• WHAT TO DO: From the entries that follow, reproduce exactly and only the lines from the line with "Adrastos Traditional Distressed" to the line with "Italian Gold Diamond Clover Studs", endpoints included.

Extracted data entries:
===

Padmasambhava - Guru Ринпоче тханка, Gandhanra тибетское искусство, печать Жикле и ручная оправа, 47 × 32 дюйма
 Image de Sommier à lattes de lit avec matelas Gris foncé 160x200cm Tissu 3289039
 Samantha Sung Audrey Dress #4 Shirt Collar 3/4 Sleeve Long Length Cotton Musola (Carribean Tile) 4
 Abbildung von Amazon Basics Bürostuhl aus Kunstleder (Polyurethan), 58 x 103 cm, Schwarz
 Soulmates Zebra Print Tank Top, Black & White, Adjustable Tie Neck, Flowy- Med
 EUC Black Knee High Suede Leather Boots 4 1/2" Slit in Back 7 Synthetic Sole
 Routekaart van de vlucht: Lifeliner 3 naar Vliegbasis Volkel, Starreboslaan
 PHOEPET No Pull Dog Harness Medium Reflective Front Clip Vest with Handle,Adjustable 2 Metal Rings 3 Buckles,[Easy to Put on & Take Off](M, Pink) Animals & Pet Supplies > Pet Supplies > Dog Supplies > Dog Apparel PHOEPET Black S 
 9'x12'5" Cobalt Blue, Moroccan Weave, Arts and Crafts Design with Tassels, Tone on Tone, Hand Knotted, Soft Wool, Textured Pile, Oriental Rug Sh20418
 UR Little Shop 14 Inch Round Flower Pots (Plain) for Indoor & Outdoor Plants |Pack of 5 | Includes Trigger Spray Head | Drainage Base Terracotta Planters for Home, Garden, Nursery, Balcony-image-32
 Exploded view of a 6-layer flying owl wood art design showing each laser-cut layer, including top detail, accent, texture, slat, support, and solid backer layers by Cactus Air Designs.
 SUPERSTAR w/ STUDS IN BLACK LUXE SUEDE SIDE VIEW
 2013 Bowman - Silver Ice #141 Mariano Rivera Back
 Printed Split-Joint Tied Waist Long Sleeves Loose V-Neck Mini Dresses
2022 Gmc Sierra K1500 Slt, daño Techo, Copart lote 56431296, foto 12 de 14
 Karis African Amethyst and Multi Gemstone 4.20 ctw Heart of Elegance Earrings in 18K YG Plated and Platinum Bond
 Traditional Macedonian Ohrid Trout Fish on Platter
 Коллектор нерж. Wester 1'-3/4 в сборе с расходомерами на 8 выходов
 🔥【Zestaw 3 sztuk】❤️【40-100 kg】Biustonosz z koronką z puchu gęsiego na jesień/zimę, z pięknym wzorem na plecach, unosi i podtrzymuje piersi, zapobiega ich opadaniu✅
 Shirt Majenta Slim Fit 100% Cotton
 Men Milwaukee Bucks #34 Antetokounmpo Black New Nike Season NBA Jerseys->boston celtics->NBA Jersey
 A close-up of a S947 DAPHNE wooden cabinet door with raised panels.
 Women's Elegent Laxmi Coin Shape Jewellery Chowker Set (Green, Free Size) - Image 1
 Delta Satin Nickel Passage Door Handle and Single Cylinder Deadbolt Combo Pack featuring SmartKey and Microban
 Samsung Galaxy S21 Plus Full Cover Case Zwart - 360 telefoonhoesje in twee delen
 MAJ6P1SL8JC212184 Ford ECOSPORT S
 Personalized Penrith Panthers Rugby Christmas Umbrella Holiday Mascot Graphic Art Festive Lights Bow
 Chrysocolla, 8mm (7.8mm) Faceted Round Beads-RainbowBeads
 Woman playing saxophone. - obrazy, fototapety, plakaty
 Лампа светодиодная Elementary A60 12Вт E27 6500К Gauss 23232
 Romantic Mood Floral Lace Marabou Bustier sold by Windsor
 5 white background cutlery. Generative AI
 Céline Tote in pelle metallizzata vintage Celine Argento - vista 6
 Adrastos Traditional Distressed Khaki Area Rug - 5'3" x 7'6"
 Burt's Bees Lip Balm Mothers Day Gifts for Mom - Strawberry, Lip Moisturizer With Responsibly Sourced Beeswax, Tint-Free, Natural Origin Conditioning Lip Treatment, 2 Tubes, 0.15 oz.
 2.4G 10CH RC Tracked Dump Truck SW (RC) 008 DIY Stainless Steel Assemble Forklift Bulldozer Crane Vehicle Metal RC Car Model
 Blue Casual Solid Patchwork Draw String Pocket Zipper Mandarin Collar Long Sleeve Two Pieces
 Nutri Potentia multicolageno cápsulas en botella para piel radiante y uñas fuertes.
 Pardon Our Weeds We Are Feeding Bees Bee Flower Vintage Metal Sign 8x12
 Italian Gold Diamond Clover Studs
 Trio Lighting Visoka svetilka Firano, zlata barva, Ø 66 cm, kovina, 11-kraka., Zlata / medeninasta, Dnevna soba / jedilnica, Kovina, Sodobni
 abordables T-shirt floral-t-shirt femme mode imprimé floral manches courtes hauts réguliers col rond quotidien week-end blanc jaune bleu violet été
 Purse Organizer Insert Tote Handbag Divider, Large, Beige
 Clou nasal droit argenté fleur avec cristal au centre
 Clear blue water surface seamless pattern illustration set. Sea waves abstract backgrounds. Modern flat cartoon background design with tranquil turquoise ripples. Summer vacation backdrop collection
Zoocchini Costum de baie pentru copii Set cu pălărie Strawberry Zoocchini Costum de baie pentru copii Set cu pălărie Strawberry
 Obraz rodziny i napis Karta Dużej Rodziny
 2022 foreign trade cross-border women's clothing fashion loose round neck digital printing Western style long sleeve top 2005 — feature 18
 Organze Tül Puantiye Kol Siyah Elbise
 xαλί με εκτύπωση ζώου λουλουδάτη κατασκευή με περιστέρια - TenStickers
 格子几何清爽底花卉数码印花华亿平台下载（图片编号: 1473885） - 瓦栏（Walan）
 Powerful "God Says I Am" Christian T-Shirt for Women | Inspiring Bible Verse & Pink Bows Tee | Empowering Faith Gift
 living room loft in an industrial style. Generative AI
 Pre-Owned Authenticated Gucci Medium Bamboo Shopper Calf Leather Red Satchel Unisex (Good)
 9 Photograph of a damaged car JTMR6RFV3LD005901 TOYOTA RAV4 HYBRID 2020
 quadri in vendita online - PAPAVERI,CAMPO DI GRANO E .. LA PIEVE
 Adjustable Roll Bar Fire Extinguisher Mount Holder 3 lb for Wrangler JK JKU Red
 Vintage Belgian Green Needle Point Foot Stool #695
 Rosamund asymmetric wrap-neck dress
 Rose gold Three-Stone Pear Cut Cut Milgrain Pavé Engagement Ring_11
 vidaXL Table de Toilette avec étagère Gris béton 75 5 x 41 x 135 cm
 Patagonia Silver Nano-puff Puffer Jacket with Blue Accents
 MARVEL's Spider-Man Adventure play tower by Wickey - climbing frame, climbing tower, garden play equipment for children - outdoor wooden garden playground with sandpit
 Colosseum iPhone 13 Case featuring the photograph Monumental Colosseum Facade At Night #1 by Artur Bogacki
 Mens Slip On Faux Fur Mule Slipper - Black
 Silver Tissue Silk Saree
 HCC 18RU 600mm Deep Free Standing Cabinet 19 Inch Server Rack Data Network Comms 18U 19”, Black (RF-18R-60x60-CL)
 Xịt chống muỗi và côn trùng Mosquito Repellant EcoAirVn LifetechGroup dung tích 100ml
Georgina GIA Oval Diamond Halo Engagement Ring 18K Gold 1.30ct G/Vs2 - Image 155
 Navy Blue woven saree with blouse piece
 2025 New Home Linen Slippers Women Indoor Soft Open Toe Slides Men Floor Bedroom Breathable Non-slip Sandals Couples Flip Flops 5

===

• TASK RESULT:
 Adrastos Traditional Distressed Khaki Area Rug - 5'3" x 7'6"
 Burt's Bees Lip Balm Mothers Day Gifts for Mom - Strawberry, Lip Moisturizer With Responsibly Sourced Beeswax, Tint-Free, Natural Origin Conditioning Lip Treatment, 2 Tubes, 0.15 oz.
 2.4G 10CH RC Tracked Dump Truck SW (RC) 008 DIY Stainless Steel Assemble Forklift Bulldozer Crane Vehicle Metal RC Car Model
 Blue Casual Solid Patchwork Draw String Pocket Zipper Mandarin Collar Long Sleeve Two Pieces
 Nutri Potentia multicolageno cápsulas en botella para piel radiante y uñas fuertes.
 Pardon Our Weeds We Are Feeding Bees Bee Flower Vintage Metal Sign 8x12
 Italian Gold Diamond Clover Studs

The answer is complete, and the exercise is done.